President Obama hailed the Senate action and urged House Republican leaders to bring the bill to the floor for a vote.

“One party in one house of Congress should not stand in the way of millions of Americans who want to go to work each day and simply be judged by the job they do,” Mr. Obama said in a statement. “Now is the time to end this kind of discrimination in the workplace, not enable it.”

Senator Harry Reid, the majority leader, said on Thursday that “the time has come for Congress to pass a federal law that ensures all citizens, regardless of where they live, can go to work not afraid of who they are.” He noted that a vast majority of Americans already think such a law is in place. “Well, it isn’t already the law,” he added. “Let’s do what the American people think already exists.”

Senate Republicans who voted against the bill, known as the Employment Nondiscrimination Act, were muted in their opposition.
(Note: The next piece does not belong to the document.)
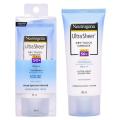 Neutrogena Ultra sheer Sunscreen, SPF 50+, Ultra light, for Oily and Dry skin, 118ml.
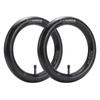 YunSCM 14 American Style Valve Bicycle Mountain Bike Tube Tire Tube Bicycle Tube Tire Tube 2pcs, 1.75 Tube, 32mm, 14x2.125 Tube, 14x1.75/2.125 Tube,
The first senator to rise and speak against the bill on the floor all week was Dan Coats of Indiana, who said Thursday morning that religious freedoms were at risk, despite the bill’s broad exemption for religious institutions.

Those exemptions, he said, did not go far enough.

“We can’t pick and choose when to adhere to the Constitution, and when to cast it aside,” Mr. Coats said. “The so-called protections from religious liberty in this bill are vaguely defined and do not extend to all organizations that wish to adhere to their moral or religious beliefs in their hiring practices.”

The bill includes a number of protections for religious entities, some of which were added this week to gain more Republican support. It now contains a provision that says no federal agency or state or local government that accepts money from the federal government can retaliate against religious institutions for not complying. This would include actions like denying them tax-exempt status, grant money, licenses or certifications.

The institutions that are exempt from the bill include churches, synagogues and mosques that are expressly religious in nature. This would also extend to schools or retail stores affiliated directly with churches, but it would not apply to those that have only loose religious affiliations.